Fast union/intersection of two sequences?

Skip Montanaro (skip@automatrix.com)
Tue, 24 Jan 1995 02:47:38 -0500

Is there any faster way to compute the union/intersection of two sequences
than by looping over one list testing for inclusion in the other? For
example:

l1 = [1, 2, 3, 4, 5]
l2 = [1, 3, 5, 7, 9]

union = l1
intersection = []
for e in l2:
if e not in l1: union.append(e)
if e in l1: intersection.append(e)

This works fine for short sequences, but fails miserably for long ones. (My
lists are each several hundred elements long and I wind up often with a
resulting union of well over 1000 elements.
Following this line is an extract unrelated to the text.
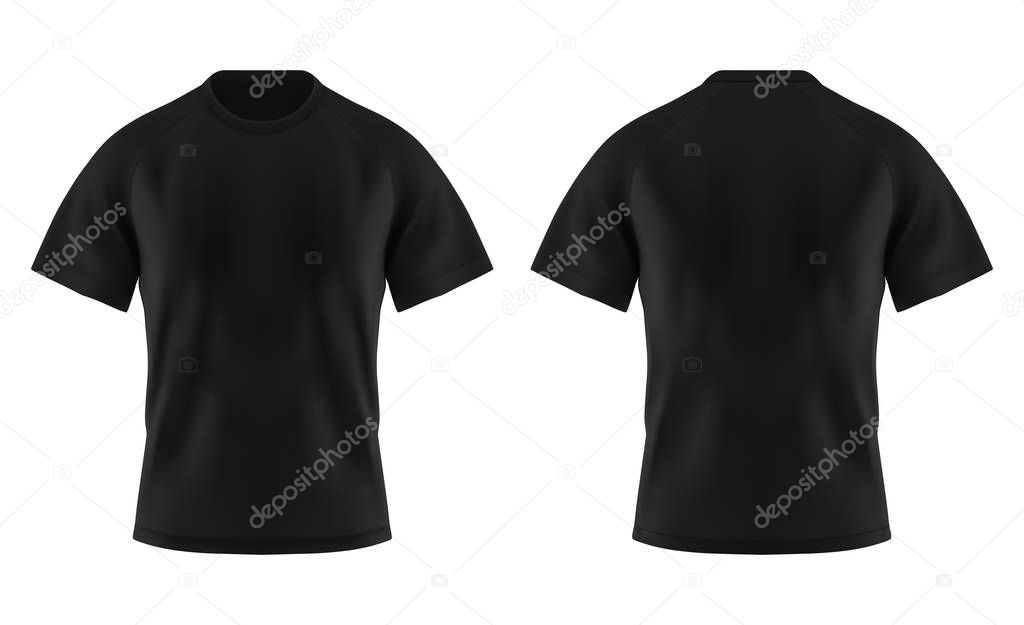 Front and back of blank black t-shirt for man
The elements are themselves
Python classes, so there is a __cmp__ function to contend with that may well
be what's killing me.)

I sped things up somewhat (read: I was willing to wait for the process to
complete :-) by sorting the lists and using a binary insert:

def binsert(list, e):
if len(list) == 0: list.append(e)
if type(list[0]) != type(e):
raise TypeError
l = 0
h = len(list) - 1
while l <= h:
m = l + (h-l)/2
mid = list[m]
if mid < e:
l = m + 1
elif mid > e:
h = m - 1
else:
return

list[l:l] = [e]

Before I go and reimplement someone else's wheel or wander off in fruitless
search of the unobtainable, can somebody answer:

1. Is it possible to speed this process up by recoding it in C or will
accessing the list and its components be the bottleneck?

2. Has somebody already implemented reasonably fast set
intersection/union for Python lists?